(Reuters) - Crude oil futures rose on Thursday, rebounding from the previous session's slump as investors fretted again about potential disruptions to Mideast oil supplies after talks between world powers and Iran over its nuclear program ended in Baghdad without an agreement.

After seeming conciliatory before the talks, Iran insisted on its right to nuclear fuel enrichment. Another meeting was set for June, suggesting that the situation remains fluid and prompting caution by oil investors. Trading volume was light and prices remained substantially below their highs for this year.

We are seeing a repeat of Iran's normal tactics -- it extends an olive branch but in talks later, nothing happens, and this is muddling the oil markets, said Kyle Cooper, managing partner at IAF Advisors in Houston, Texas.

For weeks, oil markets have been balancing risks of supply disruptions from Iran against the possibility that demand will slump due to a slowing global economic growth with the impact of the euro zone debt crisis weighing heavily.

Fears that Greece may leave the euro zone kept buyers cautious about bidding up oil prices too high. Weak economic data from China, Europe and the United States also fed jitters about the shaky global economy.

In China, factory output faltered in May, according to official data, as export orders fell to two-month lows, pointing to sluggish economic activity in the first half of the year and denting the outlook for oil demand.

The euro zone sunk further into the doldrums this month as new factory orders shriveled, forcing companies to run down backlogs and slash work forces, surveys showed.

Also worrying policymakers, the downturn that started in smaller members has spread to Germany and France, whose tepid growth had been keeping the troubled bloc afloat.

Demand for long-lasting U.S. manufactured goods rose less than expected in April while weekly jobless claims dipped only modestly, adding to worries about the economy of the world's largest oil consumer.

By 2:35 p.m. EDT, Brent July futures were up $1.09 at $106.65 a barrel. Brent touched a session high of $106.94 before weak Chinese and European economic data sparked selling. Then, it fell as low as $105.03, the lowest intraday price since December 20 -- down more than 18 percent from its 2012 high of $128.40 struck on March 1.

U.S. crude for July settled up 76 cents at $90.66 a barrel, after climbing to an early high of $91.52. On Wednesday, it settled at $89.90, the lowest close for front-month U.S. crude since October 21. U.S. crude is down about 19 percent from its 2012 high of $110.55, also hit on March 1.

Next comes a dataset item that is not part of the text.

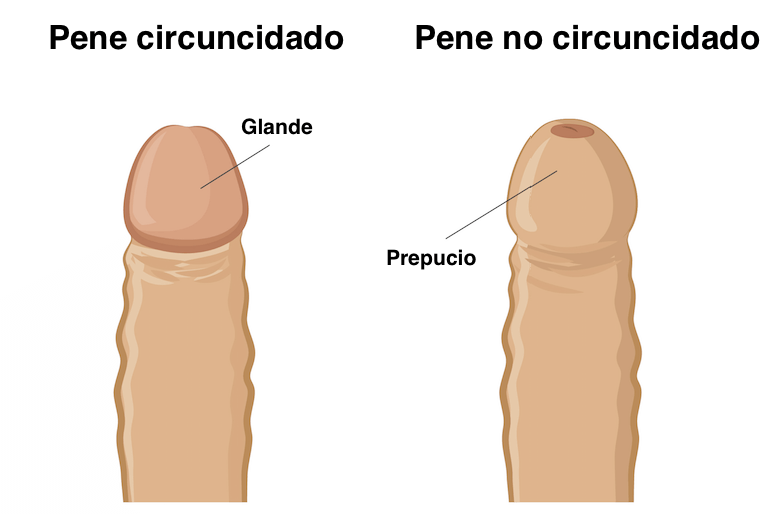 Circuncisão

Reflecting investor caution, volumes were light, with Brent trading down 30 percent from its 30-day average and U.S. crude dealings 45 percent lower from its 30-day average, according to Reuters data.


Iran accused world powers of creating a difficult atmosphere that hindered negotiations on its atomic energy program, stalling diplomatic work to defuse fears of an Iranian attempt to develop nuclear bombs.

Iranian chief negotiator Saeed Jalili later insisted that Iran should have the right to nuclear fuel cycle and enrichment, adding that peaceful nuclear energy is the right of every nation.

After two days of inconclusive discussions, new talks will take place June 18-19 in Moscow to try to solve the long-standing dispute about Iran's nuclear program that caused tensions between Tehran and the West to lift oil prices to the year's high of more than $128 for Brent crude.

The market is now betting on Iran hardening its stance again, said Tamas Varga, analyst at brokers PVM Oil Associates in London. Given the Greek crisis, however, any rally should be fairly short-lived.

Meanwhile, European Union leaders, in an informal summit on Wednesday, pledged to support Greece remaining in the euro zone, but warned Greece had to stick to its side of its debt bailout bargain.

That situation has kept oil investors at a quandary on whether to buy back positions after recent sell-offs had left oil markets on both sides of the Atlantic in an oversold condition.

The rebounds on Thursday put the Relative Strength Index of both Brent and U.S. crude at around 26, from 23 on Wednesday, according to Reuters data, still below the 30 mark that signals oversold status.

The overriding factor in the market remains to be whether a Greek default will cause another credit crisis and contagion across Europe, said Gene McGillian, analyst at Tradition Energy in Stamford, Connecticut.

The euro edged up from near two-year lows against the dollar on Thursday as investors consolidated bearish bets on the common currency ahead of the long U.S. holiday weekend. But any bounce was likely to be fleeting as the market weighs the possibility of Greece exiting the euro zone.

Americans take to the road in force beginning this weekend to mark the U.S. Memorial Day holiday, with 30.7 million people expected to kick off the summer driving season, up from 30.3 million a year ago.